The high level of accuracy the researchers achieved with the pipelines, aside from the older TASSEL-GBS v1, "was very reassuring," Belzile said, adding that he was somewhat surprised to see such high accuracy even among the de novo pipelines. "Although the de novo tools call fewer SNPs, they do a surprisingly good job of calling them accurately."
With regards to the significantly lower accuracy of TASSEL-GBS v1, Belzile said that wasn't too surprising since one of the properties of that tool is that it trims all the reads to 64 bases. "Using shorter segments, you're much more subject to improper mapping of those reads," he said. Version 2 of the pipeline performed much better, he added.
The team also evaluated the degree of overlap between the pipelines, observing that the SNPs were more likely to be accurate when they were called by more than one pipeline.
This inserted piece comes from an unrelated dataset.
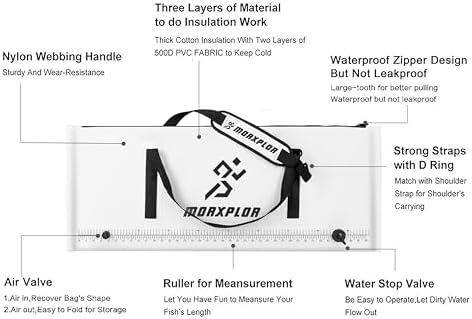 MORXPLOR Insulated Fish Cooler Bag for Fishing 41x17 47x17In 50x20In 60x24 72x30 80X40 Inches,Large Insulated Fish Kill Bag,Fishing Catch Bag Cooler with Water-resistant Zipper - Image 2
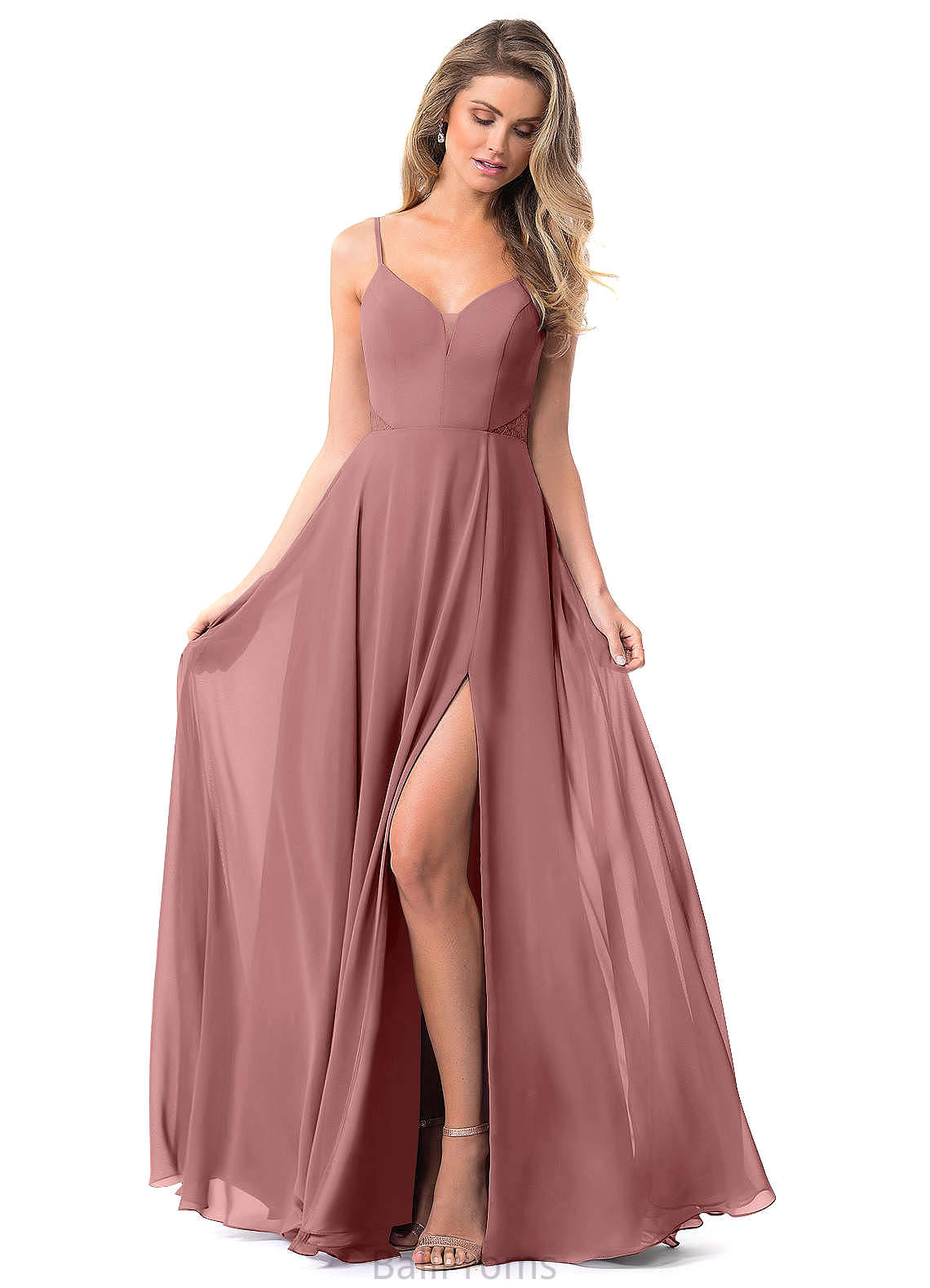 Zaria Sleeveless A-Line/Princess Natural Waist Spaghetti Staps Floor Length Bridesmaid Dresses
Fast-GBS was the most likely to call accurate SNPs, even when no other pipeline called a particular SNP. For instance, when comparing SNP calls among Fast-GBS, reference-based Stacks, TASSEL-GBS v2, and TASSEL-GBS v1, Fast-GBS called 3,148 unique SNPs, 97 percent of which were accurate. By contrast, TASSEL-GBS v1 called by far the most unique SNPs, 31,837, but only 65 percent of them were accurate.
Looking closer at the source of inaccurate SNP calls, the researchers found that although some were the result of errors in the pipelines' variant calling, the majority were due to reads mapping to more than one region in the genome.
Finally, the researchers studied the effect of using a different sequencing technology, the Ion Proton. They sequenced all 24 soybean samples on the Proton, but only evaluated two reference-based pipelines — Fast-GBS and TASSEL-GBS v2, which had performed the best — using 38 million reads.
The Proton tended to produce more sequencing errors than the Illumina HiSeq, although Belzile said that each platform had advantages. For instance, he said, although the Illumina HiSeq would be considered the "gold standard," researchers conducting GBS experiments often do not have their own sequencing instrument in house and have to send samples to a core facility. But because GBS experiments use single-end sequencing protocols, rather than the more common paired-end protocols, researchers who send samples out to get sequenced may have to wait in a long queue before the core facility has received enough samples that need single-end sequencing to make the run worthwhile. By contrast, the Proton has a lower throughput and the sequencing run itself is faster, Belzile said, so wait times are often much shorter. "For us, time is often of the essence," he said. "The crop is growing, is going to be harvested, and we need the answer."
Going forward, Belzile said it was reassuring that the Fast-GBS pipeline they developed in their lab performed well. "It tells us we're on the right track and we'll continue working with this tool," he said.
In addition, he said, the study should help assuage any concerns about the performance of GBS. "Some researchers tend to view GBS as a less accurate platform compared to SNP chips," Belzile said. "But when I see the results that we can get with these tools, we're quite close to SNP chips," he said, and GBS has the added advantage of flexibility. "You can tailor the number of SNP loci you interrogate and choose the protocol that suits the needs of the specific study you're doing," Belzile said.